# [Assignment]
The job is to output exactly the lines that run from the start of the entries through the line containing "a kitchen with", pictures omitted.

# [Material to process]

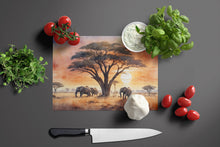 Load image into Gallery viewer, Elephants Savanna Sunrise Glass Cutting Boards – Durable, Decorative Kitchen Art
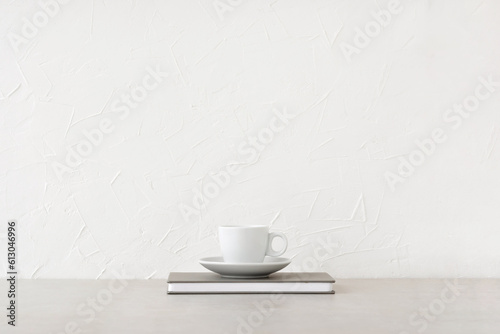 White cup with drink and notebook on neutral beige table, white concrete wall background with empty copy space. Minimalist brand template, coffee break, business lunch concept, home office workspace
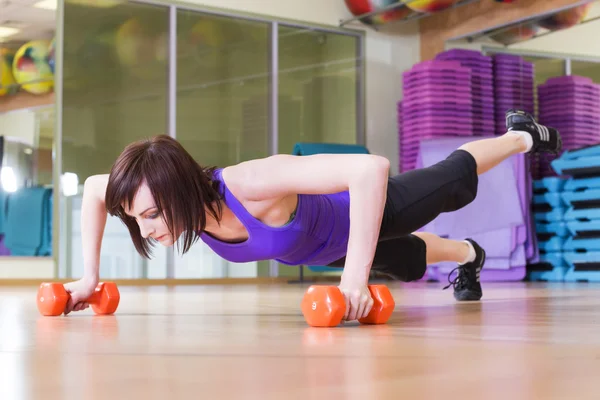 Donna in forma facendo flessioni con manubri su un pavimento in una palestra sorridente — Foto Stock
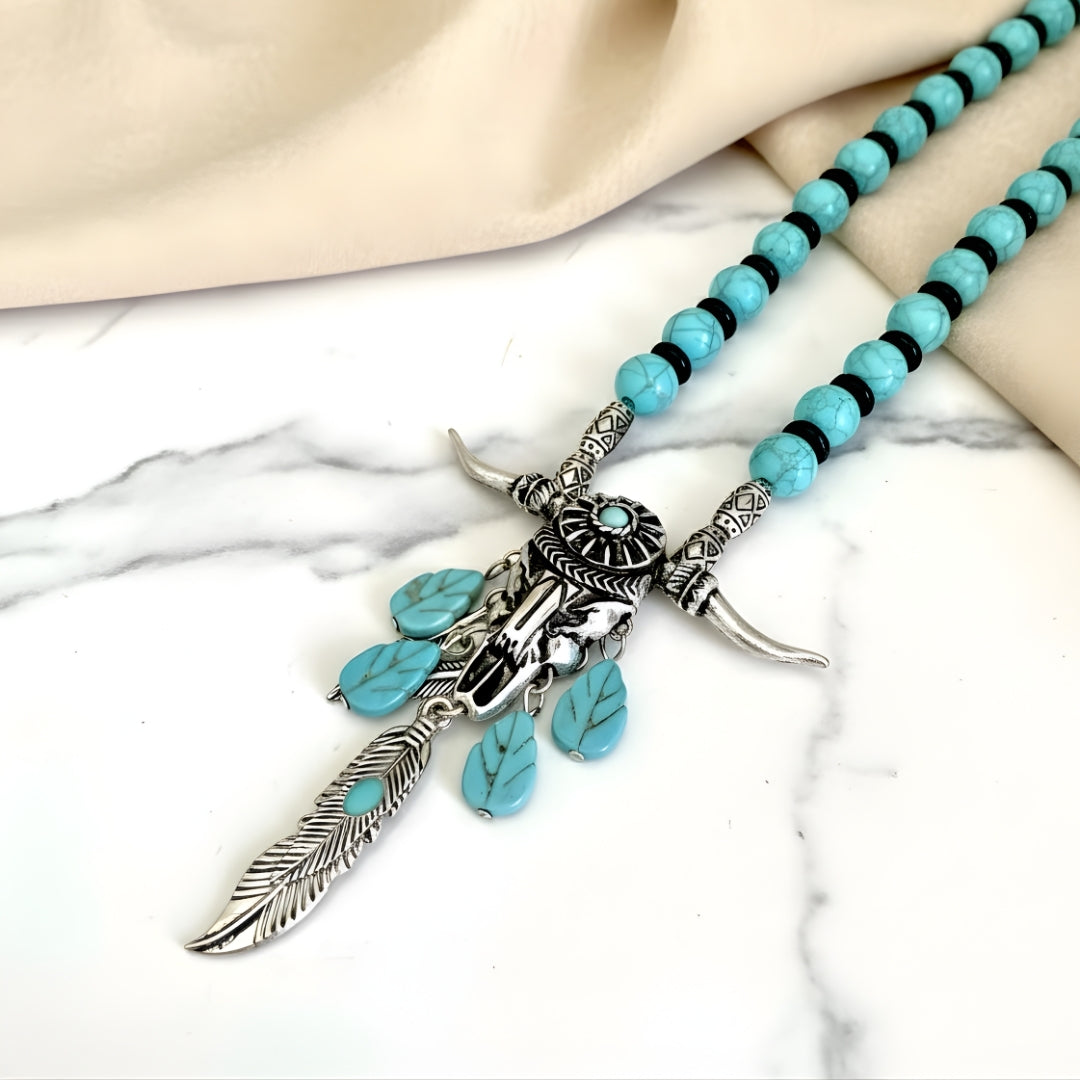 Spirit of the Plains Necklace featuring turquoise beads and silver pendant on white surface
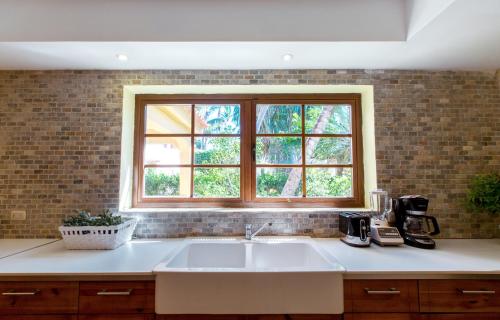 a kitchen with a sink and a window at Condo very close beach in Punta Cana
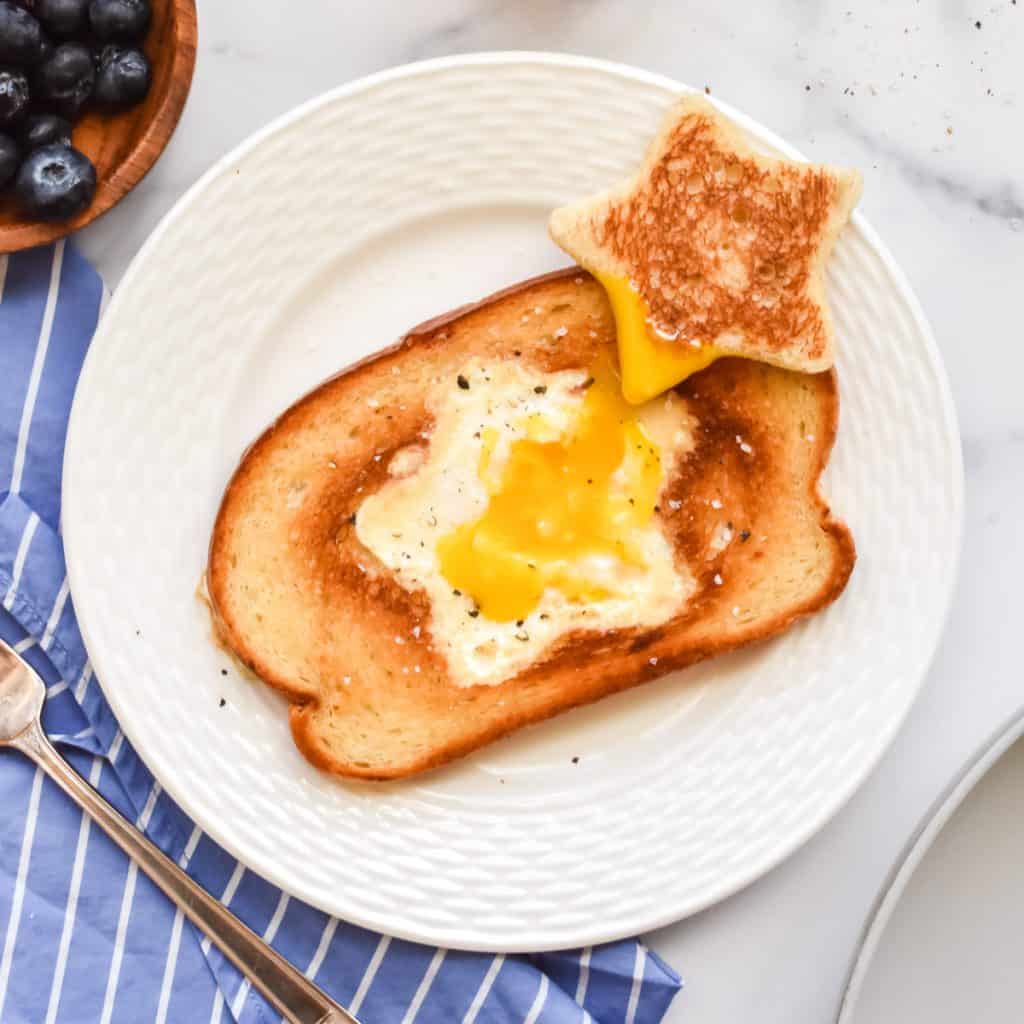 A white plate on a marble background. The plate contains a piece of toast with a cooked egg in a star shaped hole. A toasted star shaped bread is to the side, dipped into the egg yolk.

# [Expected output]
 Load image into Gallery viewer, Elephants Savanna Sunrise Glass Cutting Boards – Durable, Decorative Kitchen Art
 White cup with drink and notebook on neutral beige table, white concrete wall background with empty copy space. Minimalist brand template, coffee break, business lunch concept, home office workspace
 Donna in forma facendo flessioni con manubri su un pavimento in una palestra sorridente — Foto Stock
 Spirit of the Plains Necklace featuring turquoise beads and silver pendant on white surface
 a kitchen with a sink and a window at Condo very close beach in Punta Cana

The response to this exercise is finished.